Demasiado
tráfico esa tarde. Apretaba el volante con la misma rabia que apretaba sus
dientes. Obligado a ceder el paso, asistía impotente a la procesión de
vehículos que se sucedían uno tras otro como en una letanía. “¡Venga ya! Esto
no hay quien lo soporte… Que no tengo todo el día”, pensaba. La saliva se le
hacía espesa, esa fila india de coches parecía burlarse de él. Justo cuando ya
se despejaba el horizonte, apareció ese coche rojo de la nada. “¡Será posible!

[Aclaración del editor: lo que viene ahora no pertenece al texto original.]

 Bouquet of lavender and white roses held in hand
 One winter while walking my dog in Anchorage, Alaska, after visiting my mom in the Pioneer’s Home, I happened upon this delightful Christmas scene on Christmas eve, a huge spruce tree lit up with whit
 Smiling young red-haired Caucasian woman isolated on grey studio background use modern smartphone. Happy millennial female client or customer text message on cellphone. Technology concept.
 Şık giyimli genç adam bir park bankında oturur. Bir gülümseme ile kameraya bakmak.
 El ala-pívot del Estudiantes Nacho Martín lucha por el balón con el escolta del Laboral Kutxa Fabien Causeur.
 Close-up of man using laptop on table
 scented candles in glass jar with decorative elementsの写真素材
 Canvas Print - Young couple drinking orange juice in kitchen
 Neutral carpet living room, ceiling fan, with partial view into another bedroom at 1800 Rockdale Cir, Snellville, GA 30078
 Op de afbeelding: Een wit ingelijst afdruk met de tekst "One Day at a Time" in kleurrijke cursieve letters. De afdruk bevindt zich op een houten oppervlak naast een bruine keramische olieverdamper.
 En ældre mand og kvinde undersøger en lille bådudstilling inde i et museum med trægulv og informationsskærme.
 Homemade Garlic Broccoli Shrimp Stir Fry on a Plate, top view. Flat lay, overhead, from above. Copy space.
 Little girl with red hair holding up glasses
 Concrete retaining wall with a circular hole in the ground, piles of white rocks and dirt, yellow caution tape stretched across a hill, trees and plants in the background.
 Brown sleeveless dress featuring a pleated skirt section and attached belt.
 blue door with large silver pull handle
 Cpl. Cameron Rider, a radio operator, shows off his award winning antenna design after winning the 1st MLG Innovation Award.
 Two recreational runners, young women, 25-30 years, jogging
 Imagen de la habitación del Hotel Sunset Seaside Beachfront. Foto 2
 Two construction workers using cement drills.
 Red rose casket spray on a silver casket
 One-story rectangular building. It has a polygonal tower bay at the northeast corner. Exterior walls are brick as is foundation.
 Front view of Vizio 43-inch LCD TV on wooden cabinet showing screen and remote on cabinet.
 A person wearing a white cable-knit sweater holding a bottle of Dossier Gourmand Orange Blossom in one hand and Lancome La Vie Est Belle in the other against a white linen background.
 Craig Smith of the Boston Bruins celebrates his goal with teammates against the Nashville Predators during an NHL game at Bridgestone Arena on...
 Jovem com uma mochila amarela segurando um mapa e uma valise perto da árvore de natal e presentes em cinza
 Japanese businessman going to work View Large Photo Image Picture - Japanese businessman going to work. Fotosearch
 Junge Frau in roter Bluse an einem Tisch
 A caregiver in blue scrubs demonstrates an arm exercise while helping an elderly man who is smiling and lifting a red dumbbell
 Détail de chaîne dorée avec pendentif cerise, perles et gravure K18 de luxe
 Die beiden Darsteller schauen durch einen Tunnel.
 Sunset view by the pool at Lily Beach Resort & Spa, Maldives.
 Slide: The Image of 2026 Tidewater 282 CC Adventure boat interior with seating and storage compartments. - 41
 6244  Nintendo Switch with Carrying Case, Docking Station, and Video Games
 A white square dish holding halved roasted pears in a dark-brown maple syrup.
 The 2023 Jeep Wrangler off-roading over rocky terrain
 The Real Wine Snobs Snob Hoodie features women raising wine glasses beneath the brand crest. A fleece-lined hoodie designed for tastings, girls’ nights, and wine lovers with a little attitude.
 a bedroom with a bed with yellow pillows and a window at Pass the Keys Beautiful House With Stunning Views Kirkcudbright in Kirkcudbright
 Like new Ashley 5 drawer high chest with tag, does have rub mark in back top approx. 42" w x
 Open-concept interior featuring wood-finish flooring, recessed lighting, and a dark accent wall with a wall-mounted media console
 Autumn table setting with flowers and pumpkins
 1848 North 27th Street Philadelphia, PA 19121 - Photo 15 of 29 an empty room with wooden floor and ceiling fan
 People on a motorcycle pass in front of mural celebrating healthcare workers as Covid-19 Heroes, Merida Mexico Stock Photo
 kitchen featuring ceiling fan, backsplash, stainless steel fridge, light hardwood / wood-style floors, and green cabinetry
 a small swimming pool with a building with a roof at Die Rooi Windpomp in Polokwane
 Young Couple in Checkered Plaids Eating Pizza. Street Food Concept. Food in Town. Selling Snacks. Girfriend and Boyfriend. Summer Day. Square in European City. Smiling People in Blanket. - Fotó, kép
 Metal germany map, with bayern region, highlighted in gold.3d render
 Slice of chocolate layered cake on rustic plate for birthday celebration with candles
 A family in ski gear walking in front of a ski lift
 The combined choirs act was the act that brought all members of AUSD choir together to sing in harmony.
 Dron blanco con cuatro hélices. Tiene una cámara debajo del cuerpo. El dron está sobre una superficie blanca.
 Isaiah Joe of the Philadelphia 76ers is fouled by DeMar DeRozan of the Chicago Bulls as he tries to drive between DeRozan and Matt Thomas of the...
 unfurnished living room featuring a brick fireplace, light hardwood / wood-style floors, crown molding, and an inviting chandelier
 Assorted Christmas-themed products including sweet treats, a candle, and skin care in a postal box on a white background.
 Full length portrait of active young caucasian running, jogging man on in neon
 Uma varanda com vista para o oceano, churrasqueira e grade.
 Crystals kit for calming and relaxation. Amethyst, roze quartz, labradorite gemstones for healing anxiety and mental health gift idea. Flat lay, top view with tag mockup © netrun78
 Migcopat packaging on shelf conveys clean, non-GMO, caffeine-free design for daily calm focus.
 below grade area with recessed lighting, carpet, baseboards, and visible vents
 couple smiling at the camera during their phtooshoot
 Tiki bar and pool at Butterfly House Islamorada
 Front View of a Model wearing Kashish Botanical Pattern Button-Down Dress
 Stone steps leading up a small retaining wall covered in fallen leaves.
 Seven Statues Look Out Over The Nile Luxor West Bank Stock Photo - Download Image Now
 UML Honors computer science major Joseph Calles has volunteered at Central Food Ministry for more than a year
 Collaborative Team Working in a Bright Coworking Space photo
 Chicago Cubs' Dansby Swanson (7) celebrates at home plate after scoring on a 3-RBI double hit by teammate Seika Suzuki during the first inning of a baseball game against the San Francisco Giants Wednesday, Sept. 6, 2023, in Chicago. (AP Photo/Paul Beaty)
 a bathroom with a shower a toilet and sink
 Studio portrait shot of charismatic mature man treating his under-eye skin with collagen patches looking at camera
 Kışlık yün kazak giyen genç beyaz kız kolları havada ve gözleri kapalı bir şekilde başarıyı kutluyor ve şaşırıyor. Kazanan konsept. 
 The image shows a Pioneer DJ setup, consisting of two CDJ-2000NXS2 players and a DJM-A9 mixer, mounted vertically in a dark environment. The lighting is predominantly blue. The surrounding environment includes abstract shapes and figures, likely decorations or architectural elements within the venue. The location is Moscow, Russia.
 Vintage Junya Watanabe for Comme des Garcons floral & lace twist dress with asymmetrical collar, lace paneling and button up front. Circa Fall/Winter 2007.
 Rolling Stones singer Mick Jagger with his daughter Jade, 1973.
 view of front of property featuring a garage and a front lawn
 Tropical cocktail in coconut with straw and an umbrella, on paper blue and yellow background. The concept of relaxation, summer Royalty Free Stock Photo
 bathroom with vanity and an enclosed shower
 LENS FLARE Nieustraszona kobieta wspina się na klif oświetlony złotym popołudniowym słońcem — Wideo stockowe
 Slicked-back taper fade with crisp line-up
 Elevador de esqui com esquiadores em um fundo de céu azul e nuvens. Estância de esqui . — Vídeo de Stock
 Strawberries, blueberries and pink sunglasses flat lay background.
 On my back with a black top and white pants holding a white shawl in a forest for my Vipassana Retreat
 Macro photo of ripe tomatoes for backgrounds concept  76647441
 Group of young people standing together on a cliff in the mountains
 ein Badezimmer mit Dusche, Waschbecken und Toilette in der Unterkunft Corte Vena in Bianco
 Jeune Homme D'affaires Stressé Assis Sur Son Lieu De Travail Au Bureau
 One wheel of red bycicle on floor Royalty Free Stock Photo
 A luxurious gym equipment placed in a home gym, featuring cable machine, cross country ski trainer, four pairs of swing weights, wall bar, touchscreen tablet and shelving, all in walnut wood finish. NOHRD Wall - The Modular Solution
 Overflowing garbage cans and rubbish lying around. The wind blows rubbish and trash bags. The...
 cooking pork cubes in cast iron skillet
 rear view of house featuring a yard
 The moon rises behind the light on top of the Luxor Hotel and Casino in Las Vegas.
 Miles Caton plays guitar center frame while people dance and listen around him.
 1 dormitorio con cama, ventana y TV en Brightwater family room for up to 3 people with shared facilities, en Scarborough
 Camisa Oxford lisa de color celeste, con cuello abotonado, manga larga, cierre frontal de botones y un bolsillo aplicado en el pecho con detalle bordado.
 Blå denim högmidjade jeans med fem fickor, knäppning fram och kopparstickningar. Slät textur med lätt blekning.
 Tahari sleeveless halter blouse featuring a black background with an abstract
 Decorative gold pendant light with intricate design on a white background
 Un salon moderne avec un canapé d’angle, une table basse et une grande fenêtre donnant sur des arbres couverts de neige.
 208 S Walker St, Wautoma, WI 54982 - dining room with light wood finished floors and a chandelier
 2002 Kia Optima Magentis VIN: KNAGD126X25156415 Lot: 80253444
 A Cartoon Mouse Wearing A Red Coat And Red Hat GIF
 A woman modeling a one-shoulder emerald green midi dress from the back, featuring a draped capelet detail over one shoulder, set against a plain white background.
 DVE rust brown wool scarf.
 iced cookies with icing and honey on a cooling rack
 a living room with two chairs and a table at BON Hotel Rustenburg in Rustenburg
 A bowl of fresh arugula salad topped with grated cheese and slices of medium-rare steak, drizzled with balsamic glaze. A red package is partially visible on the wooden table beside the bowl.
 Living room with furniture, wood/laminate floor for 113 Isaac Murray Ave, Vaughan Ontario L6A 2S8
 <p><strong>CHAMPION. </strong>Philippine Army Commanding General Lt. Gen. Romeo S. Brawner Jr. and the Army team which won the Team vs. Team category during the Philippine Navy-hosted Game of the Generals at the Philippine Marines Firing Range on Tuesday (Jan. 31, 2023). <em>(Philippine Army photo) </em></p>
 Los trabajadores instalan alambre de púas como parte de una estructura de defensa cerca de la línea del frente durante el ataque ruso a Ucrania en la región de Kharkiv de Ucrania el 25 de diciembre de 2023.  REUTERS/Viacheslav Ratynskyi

¿Cómo se atreve esa niñata a colarse?”, se dijo furioso. Pisó el acelerador como impelido por una
descarga eléctrica. Siguió el turismo hasta que paró.
Cuando
vio a la joven bajar del coche, se fue hacia ella con la boca tan llena de
enojo que le costaba articular palabra.
La mujer sorprendida, lo miraba de arriba abajo tratando de entender
algo.
—Pero,
¿qué le pasa?
—Entonces…
¿no me has visto en la otra calle? —logró balbucear con la indignación a flor
de piel.
—Pues…
no —parpadeó la joven tratando de recordar.
—Llevaba
mucho rato esperando y ya me tocaba salir a mí, cuando llegaste tú y seguiste
al último coche.
—Pues
lo siento, pero no lo he visto. Solo iba detrás de ese coche y pasé.
—¿Cómo
que no me has visto? —preguntó incrédulo.
—Pues
eso mismo, que no lo he visto.
—¿Y
te quedas tan tranquila? —preguntó con la furia saliéndole por los ojos.
—¿Por
qué iba a alterarme? —la pregunta lo atravesó como una flecha.
Tan
lleno estaba de razones que se quedó sin ellas. Se fue hacia su coche con la
ira maltrecha y marchó con el camino despejado pero la mente confusa. Una
pregunta se le coló como un relámpago: ¿por qué iba a alterarme?